Нина сказала потом по секрету, что даже разволновалась не на шутку.
Но тут на КП поступило сообщение от Машеньки Батраковой: «Противник сбит, упал в квадрате…»
Вот так Машенька! Разве забудет парень такую девушку? Ничего нет удивительного, что прилетал, искал.
Через несколько минут истребители приземляются. Подруги выпрыгивают на землю, отстегивают парашюты. Подполковник Гриднев как всегда сдержан, но по глазам видно — доволен.
Тут же, у крыла самолета, разобрали молниеносный бой. Летчицы увидели вражеский самолет — он круто пикировал на фоне синего неба. Заметив преследование, фашист пытался замаскироваться на фоне темнеющего внизу леса. Но летчицы, не выполняя разворота, с ходу расстреляли врага.
Маша Батракова и Валя Петроченкова были назначены в 586-й полк, когда он базировался на Воронежском аэродроме. Обе прибыли из тренировочного центра, где проходили переучивание на военные самолеты новых образцов. Да, именно переучивание; задолго до воины отдали сердца юные героини авиации, осваивать самолет начали в аэроклубе. Валя родилась в деревне Костенки, что на Смоленщине, семья была дружная, все накрепко привязаны к земле, а Валентину манило небо, словно магнит. Уехала в Москву, окончила аэроклуб, потом работала летчиком-инструктором.

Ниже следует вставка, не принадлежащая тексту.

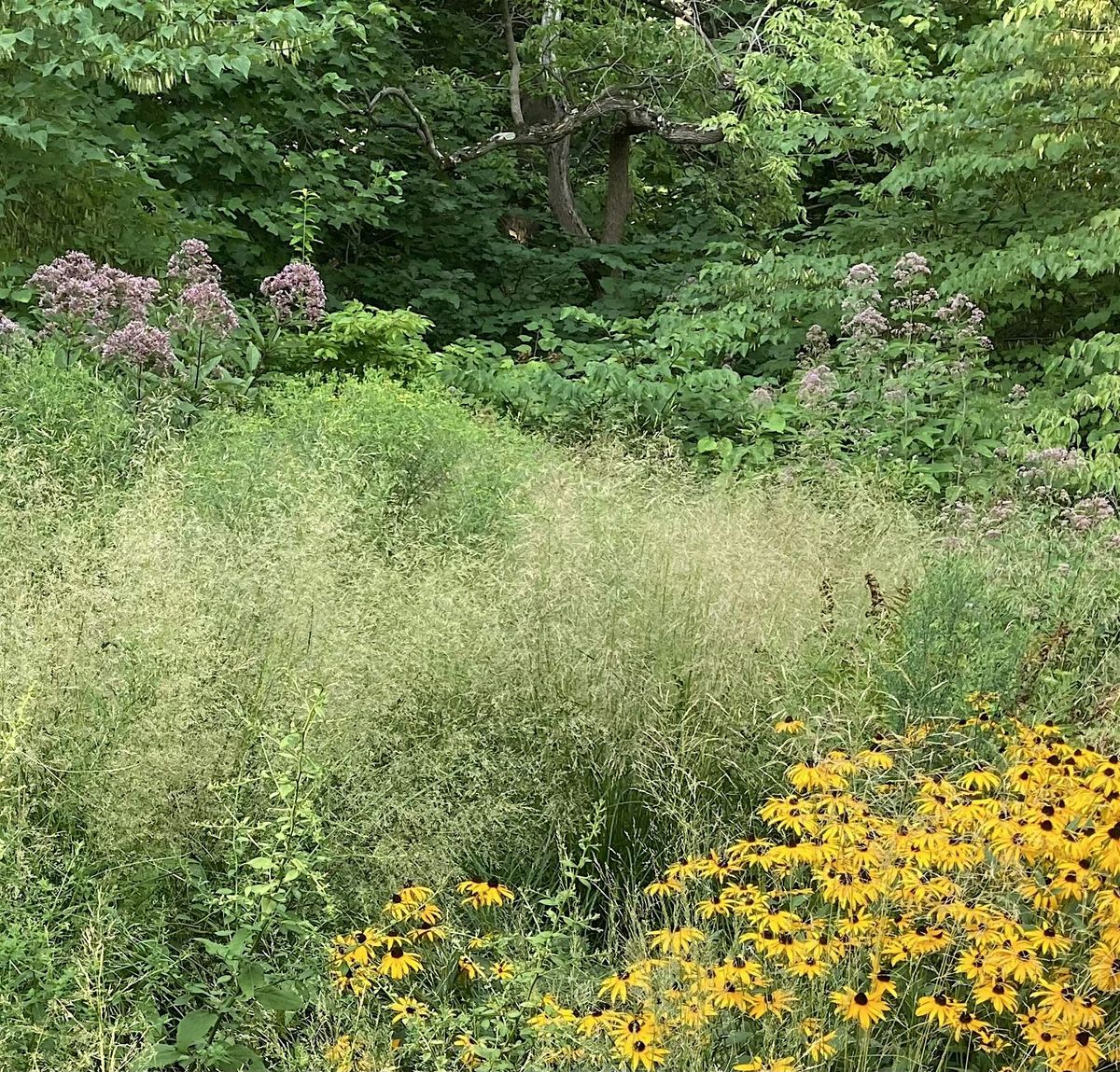 Create a Wood's Edge Pocket Meadow, 28 June | Event in Cortlandt Manor | AllEvents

Машенька Батракова — из рабочей семьи. Черноокая красавица, украинка. Окончила перед войной педагогическое училище в Енакиеве, работала учительницей младших классов. Там же, в Енакиеве, занималась в аэроклубе: сначала в парашютной группе, потом в пилотской. Затем стала на общественных началах готовить курсантов для авиашкол.

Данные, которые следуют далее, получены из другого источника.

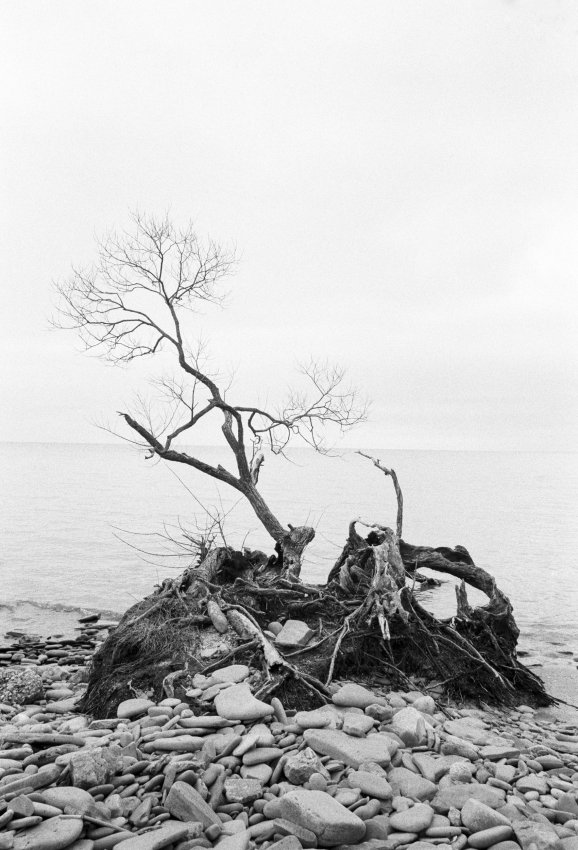 2017-01-16-M4P-HP5002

Когда началась война, Енакиевский аэроклуб эвакуировали в Оренбургскую область. Маша уехала вместе со всеми, чтобы продолжать работать с учлетами. Но не оставляла мысли о фронте: считала, что должна бить врага, чувствовала в себе силы, знала — сможет. И еще — душила ненависть к врагам: родной город, в котором осталась семья, страдал под фашистским гнетом. С сентября сорок второго года Маша Батракова — в рядах Советской Армии…
Глаза у Машеньки горят как звездочки, щеки пылают от возбуждения: шутка сказать — только что сбила матерого фашиста.
— Молодец, Маша, поздравляю! — Замполит крепко жмет руку летчице.
Тут подходит Нина Андреева, улыбается лукаво:
— А скажи-ка нам, Машенька, кто такой Леша, что гоняется за тобой на Ла-пять по всем аэродромам и передает приветы?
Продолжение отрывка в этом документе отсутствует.